先週末に「少しずつ色づいてきました」というタイトルで、クヌギ(櫟)の実が少しずつ色づいてきたことをお伝えしましたが、その記事内でアベマキ(棈)との違いに触れました。
でも、アベマキの写真も掲載せずにそのまま終えるのはちょっともったいないなと思いましたので、先週の土曜日に京都御苑へ行ってアベマキがないか探してみたら、ありました。それもクヌギが植えられている場所の近くでした。
両種ともブナ科コナラ属に分類される落葉高木で、それぞれ堅果は花が咲いた翌年に熟す2年成です。クヌギが東北地方の岩手県や山形県以南の本州や四国、九州に分布しているのに対し、アベマキは関東地方以西の本州や四国、九州に分布し、瀬戸内海地方に多く分布するといった違いがあり、高度においてもクヌギのほうが少し高い標高の場所にも分布しているようです。

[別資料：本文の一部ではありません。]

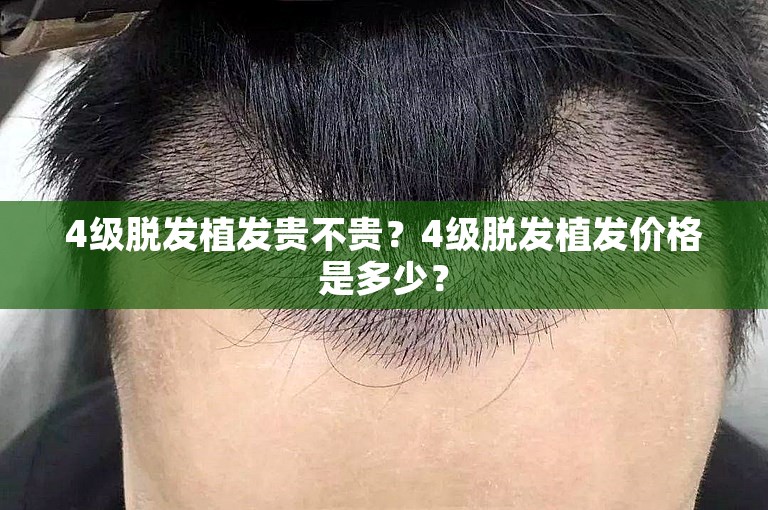 4级脱发植发贵不贵？4级脱发植发价格是多少？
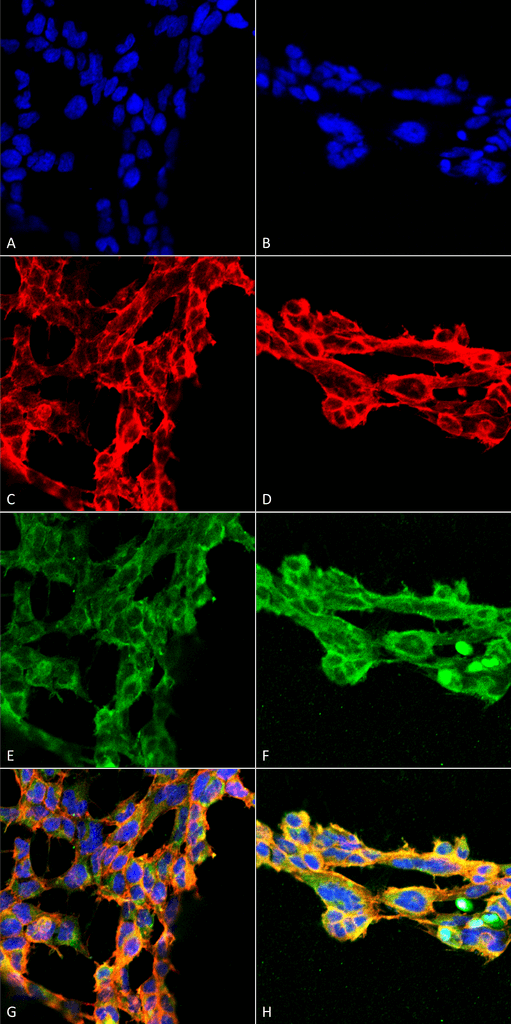 <p>Immunocytochemistry/Immunofluorescence analysis using Mouse Anti-7-Ketocholesterol Monoclonal Antibody, Clone 7E1 (SMC-512). Tissue: Embryonic kidney epithelial cell line (HEK293). Species: Human. Fixation: 5% Formaldehyde for 5 min. Primary Antibody: Mouse Anti-7-Ketocholesterol Monoclonal Antibody (SMC-512) at 1:50 for 30-60 min at RT. Secondary Antibody: Goat Anti-Mouse Alexa Fluor 488 at 1:1500 for 30-60 min at RT. Counterstain: Phalloidin Alexa Fluor 633 F-Actin stain; DAPI (blue) nuclear stain at 1:250, 1:50000 for 30-60 min at RT. Magnification: 20X (2X Zoom). (A,C,E,G) – Untreated. (B,D,F,H) – Cells cultured overnight with 50 µM H2O2. (A,B) DAPI (blue) nuclear stain. (C,D) Phalloidin Alexa Fluor 633 F-Actin stain. (E,F) 7-Ketocholesterol Antibody. (G,H) Composite. Courtesy of: Dr. Robert Burke, University of Victoria.</p>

前置きはさておき、まずはアベマキの樹皮ですが、こんな感じです。
アベマキの樹皮
前回の記事で紹介したクヌギの樹皮はこんな感じ。
クヌギの樹皮(先日の投稿より再掲)
先日の投稿でアベマキのほうがコルク層が厚いと書きましたが、見た目ではクヌギのほうが細かい網目模様に裂け目が入るのに対し、アベマキはもこもこと盛り上がるように不規則にでこぼことなると言えるでしょうか。そのため、クヌギより裂け目あるいはシワが深くなると表現されることもあります。そして現在、コルクは地中海地方に分布するコルクガシ(コルク樫)から採取しますが、第二次世界大戦の戦時中から戦後にかけてはこのアベマキからコルクを採取していたようです。
また葉裏がアベマキは白くなるとお伝えしました。それぞれ落葉してから間もないと思われる落ち葉を拾って比較した写真がこちら。まずは葉の表。
葉の表(左がアベマキ、右がクヌギ)
そして葉の裏。
葉の裏(左がアベマキ、右がクヌギ)
写真では伝わりにくいのですが、葉の表だけ見ると違いはほとんどなく、実物の葉の裏を見るとクヌギが黄緑色でツルツルとした触感であるのに対し、アベマキは灰白色と表現されますが白っぽい緑色でうっすらと薄い綿のような白い毛に覆われています。ルーペがないと見えませんが、アベマキの葉の裏には星状毛が生えているためです。
そして、こちらもそれぞれ比較的きれいな状態で落ちていた堅果と殻斗を拾ったものです。
堅果と殻斗(左がアベマキ、右がクヌギ)
おそらく2つ一緒に渡されたらどっちがどっちかわからないほど、見た目に違いはありません。あえて違いをあげると、アベマキの堅果のほうがちょっと小さくて細長いかたち(球形というよりやや楕円形)をしていて、殻斗は少し厚みがあって鱗片が長いようです。
ひさしぶりにドングリ拾いをしたので、家に持ち帰ってコマ(独楽)を作ってみました。
ドングリのコマ(左奥と左手前がアベマキ、右奥と右手前がクヌギ)
4つのコマのうち、やっぱりというか、上の写真で右奥にある寸胴のクヌギのドングリが一番安定して回り続けました。
そういえば小さい頃はやじろべえなど、いろいろなものを作って(というより親に作ってもらってたほうが多かったかも)遊んでいたことを思い出しながら、くるくると回して眺めていました。意外と楽しいものですね。きれいに回らないと、納得した回り方をするまで飽きずに回してしまいました。